WHAT YOU SHOULD DO :: Exact copies of all the lines below are wanted, without a single picture.

INFORMATION SUPPLIED ::
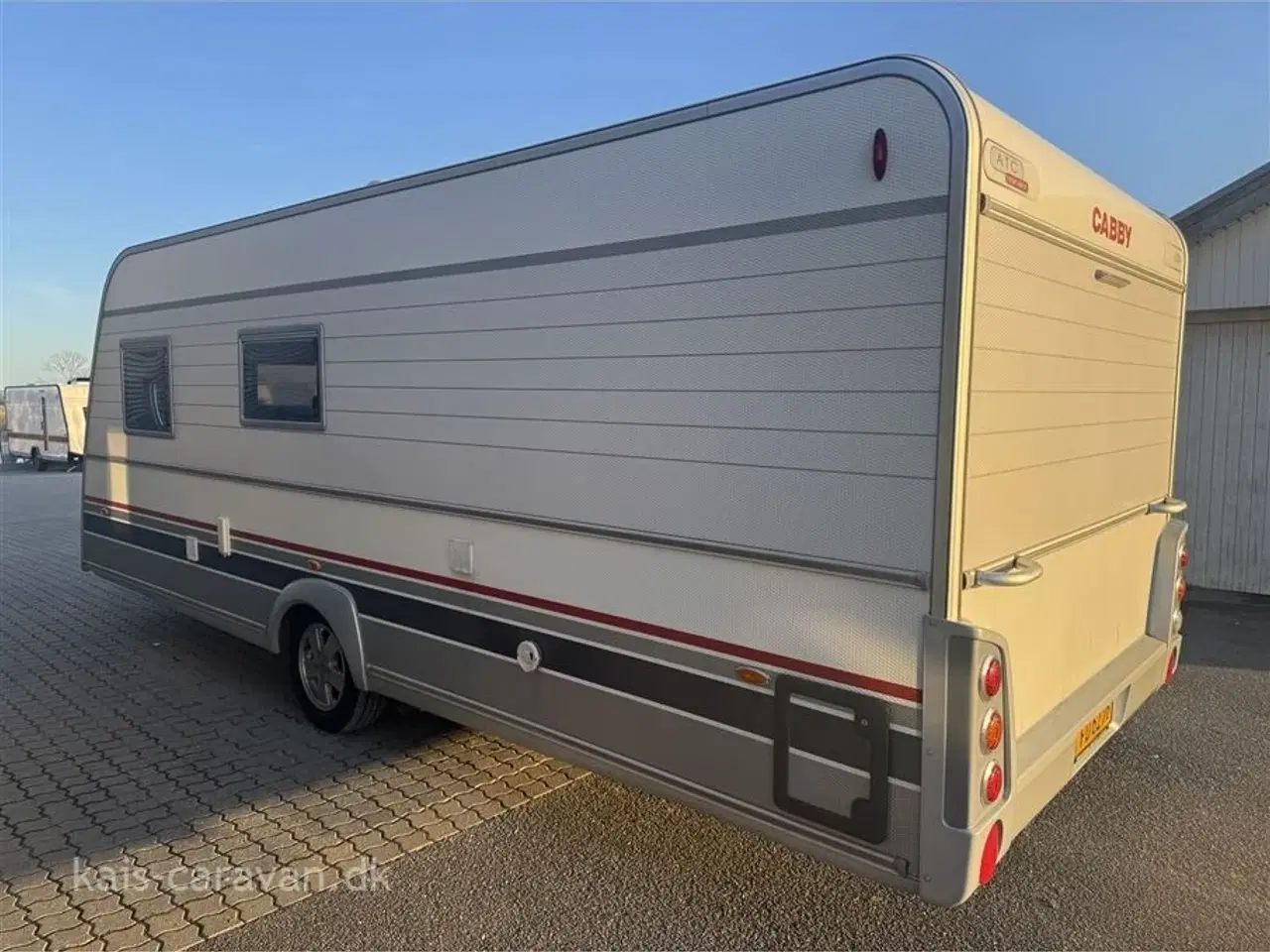 Billede 4 - 2008 - Cabby F3 620+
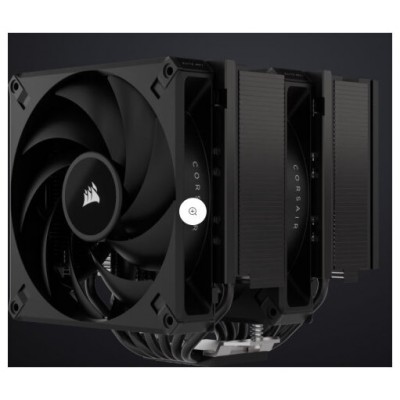 REFRIGERADOR CPU MULTIZOCALO CORSAIR A115 VENTILADOR en Huesoi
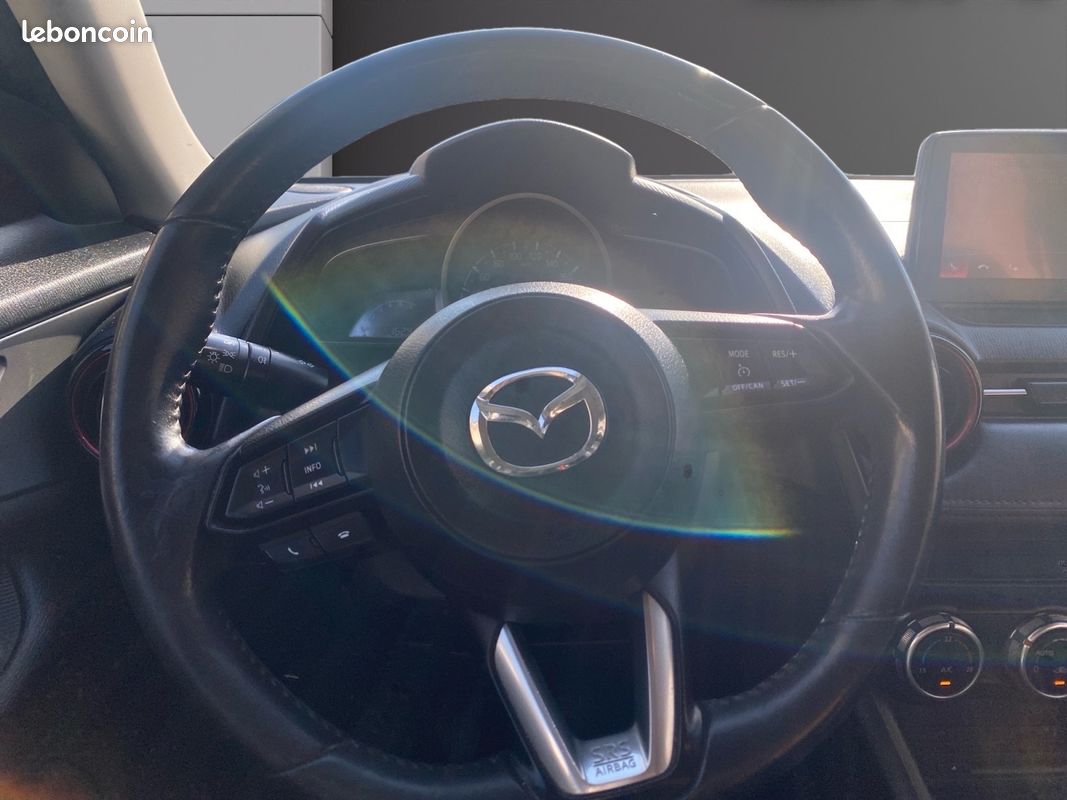 MAZDA CX-3 2.0L Skyactiv-G 120 4x2 Elegance (image 10)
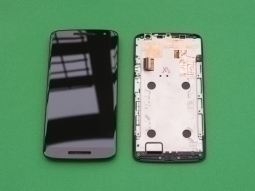 Lcd Motorola Moto X Play Black 3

WRITTEN SOLUTION ::
 Billede 4 - 2008 - Cabby F3 620+
 REFRIGERADOR CPU MULTIZOCALO CORSAIR A115 VENTILADOR en Huesoi
 MAZDA CX-3 2.0L Skyactiv-G 120 4x2 Elegance (image 10)
 Lcd Motorola Moto X Play Black 3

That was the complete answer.